OpenBSD Journal
Home : : Add Story : : Archives : : About : : Create Account : : Login :
Developer blog: cnst@: fixing make
Contributed by deanna on Tue Jun 19 10:42:41 2007 (GMT)
from the that's-a-lot-of-j dept.

Constantine A. Murenin (cnst@) writes:

A 10-year-old pointer-arithmetic bug in make(1) is now gone, thanks to malloc.conf and some debugging. The bug prevented people from running make -j on OpenBSD for fear of it looping on one the CPUs forever, without actually building anything.

Personally, I've encountered this bug a few times after todd@ told me about the -j option at c2k7. I immediately noticed performance improvements in building kernel with `make -j4` — which was obvious from the fact that now both CPUs were at close to 0% idle time for the duration of the build. However, I've also noticed that shortly after being started with a big -j number, like 16 or 24, the make process would become mysteriously quiet and would start to consume 100% of one of the CPUs (without actually running any jobs) every time I ran it.

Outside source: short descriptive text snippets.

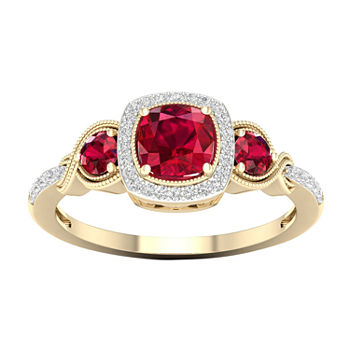 Womens 1/10 CT. T.W. Lead Glass-Filled Red Ruby 10K Gold Cocktail Ring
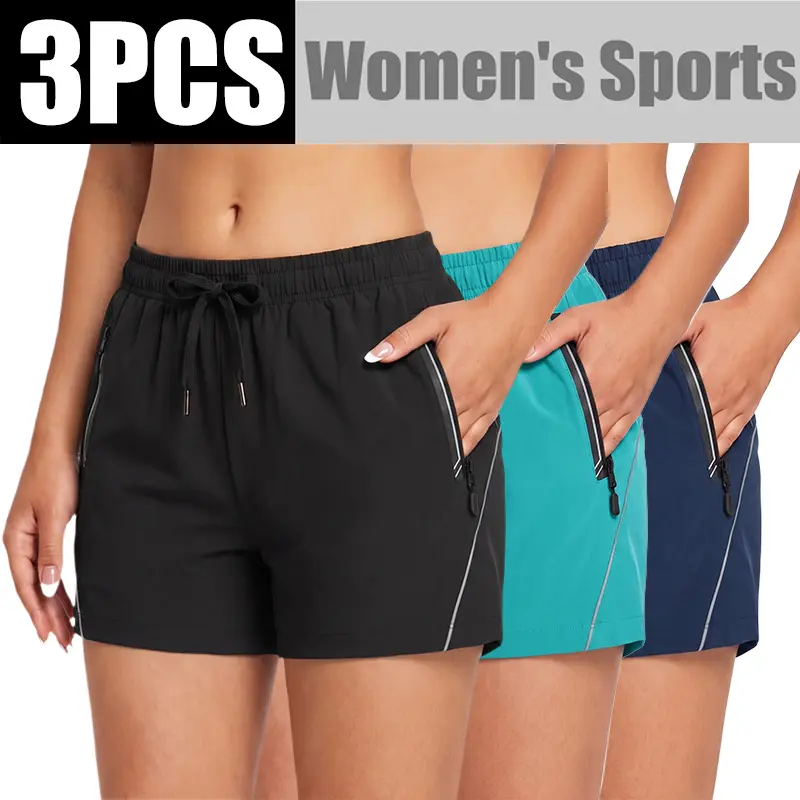 Women’s casual athletic shorts with pockets, 3/1 piece (runs large—order smaller). Elastic waistband shorts, quick-drying and breathable, with zippered pockets; fitness and leisure wear for gym workouts that are slimming and won’t show bulges; running sho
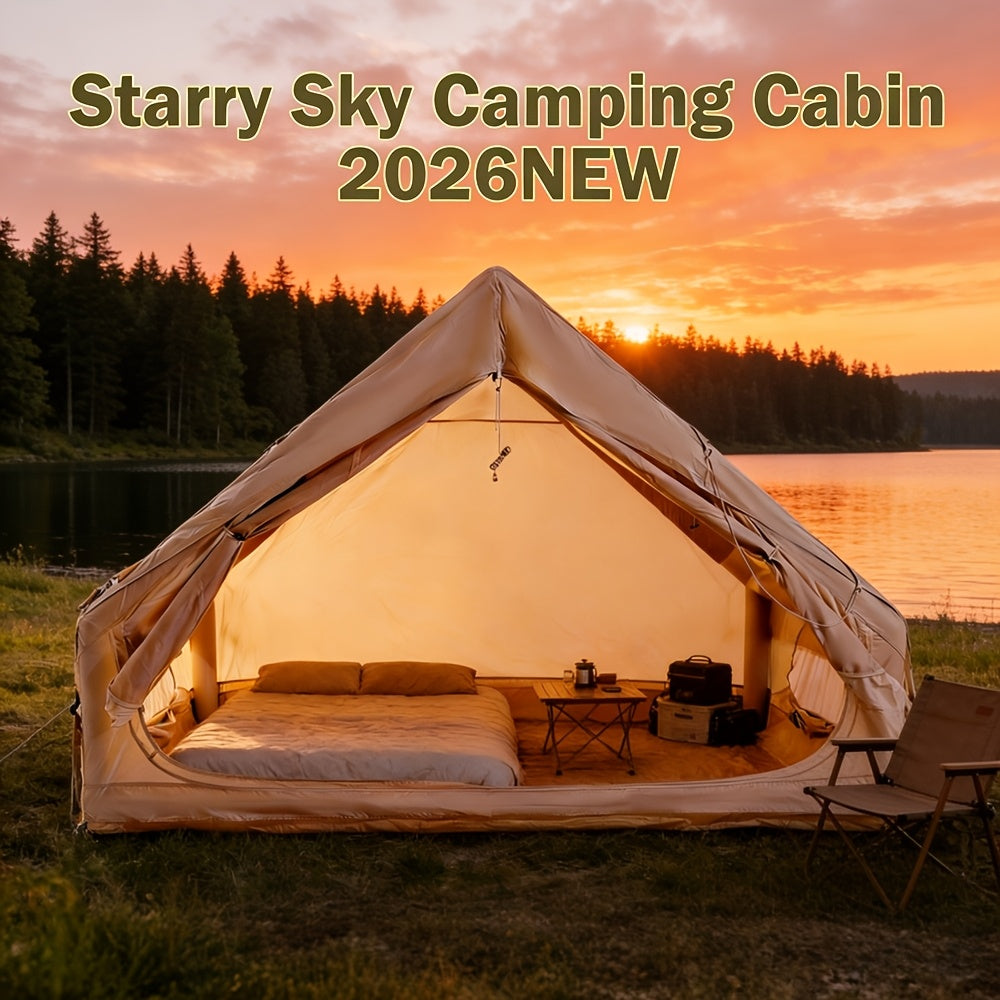 Inflatable Camping Tent（Optional: Skylight, Stove Jack） for 4-6 Person,4 Season Camping Tent, Large Luxury Air Tent with Manual Pump, Easy Setup Portable Glamping House, High Quality Windproof Family Outdoor Shelter Best Valentine's Day Gifts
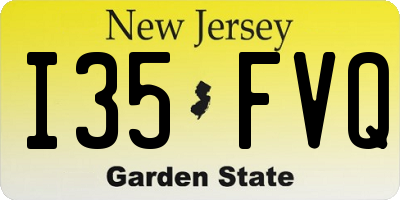 NJ license plate I35FVQ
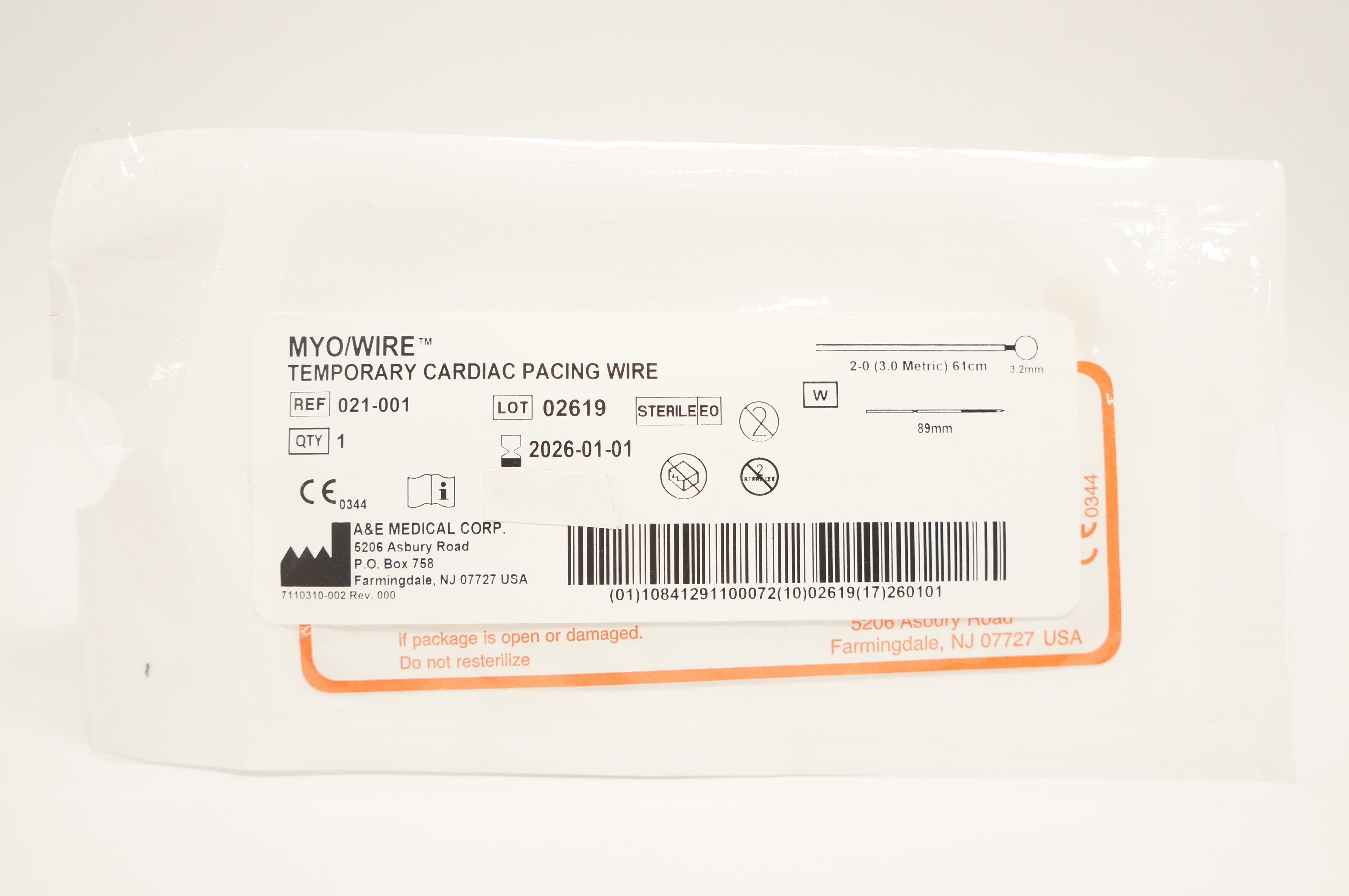 A&E Medical 021-001 2-0 MYO/Wire Temporary Cardiac Pacing Wire 61cm x 3.2 x 89mm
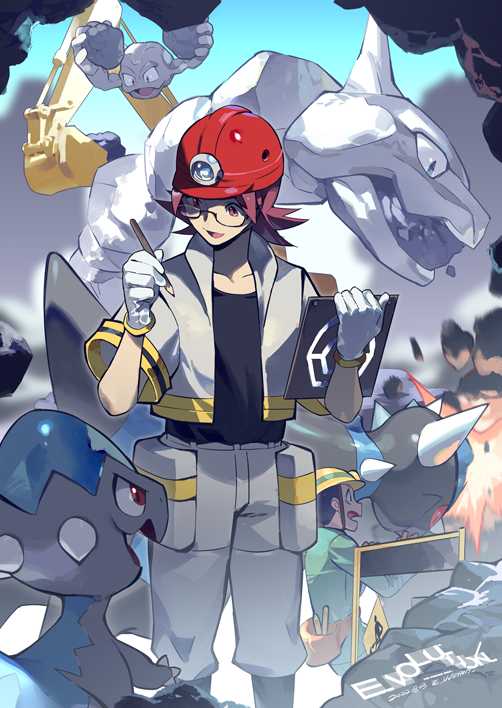 2boys baggy_pants black-framed_eyewear black_footwear black_shirt boots cranidos e_volution geodude glasses gloves grey_jacket grey_pants helmet holding holding_pencil jacket male_focus multiple_boys onix open_mouth pants pencil pokemon pokemon_(creature) pokemon_(game) pokemon_dppt rampardos red_eyes red_hair red_headwear roark_(pokemon) shirt short_sleeves smile white_gloves worker_(pokemon)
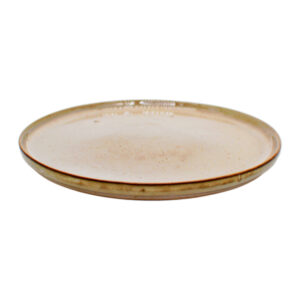 Тарілка 21,5см керамічна Столова 1шт Бєжево-сіра з бортиком арт.HZ146-2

Independently (or maybe due to the influence) of the above make(1) bug, one day I've decided to give the malloc options a try, with running `ln -s 'AFGHJPRX' /etc/malloc.conf` to set it up. After setting these malloc options, I've noticed that make was crashing quite often when used with the -j option.

To make the long story short, I've discovered that the problem had to do with pointer arithmetic. A number of bytes was added as an offset for a pointer of type fd_set, which has a size of 128. I.e. the offset in the number of bytes was erroneously multiplied by a factor of 128, thus doing a memset on the unallocated piece of memory, leaving the allocated part uninitialised.

Afterward, millert@ also identified that the original code from 1997 seems to have a potential memory leak due to incorrect realloc usage, so we've fixed that problem too, and a complete patch was committed to 4.1-current

Happy hacking!

[topicblog]

<< OpenBSD: Free As In Air | Reply | Threaded | OpenBSD runs great on Soekris 5501 >>

Threshold: Help

Related Links
more by deanna


  Re: Developer blog: cnst@: fixing make (mod 10/56)
by Anonymous Coward (193.63.217.208) on Tue Jun 19 11:48:18 2007 (GMT)
  Excellent, thanks. Will this be back-ported to -stable and 4.0 as a reliability fix?
  [ Show thread ] [ Reply to this comment ] [ Mod Up ] [ Mod Down ]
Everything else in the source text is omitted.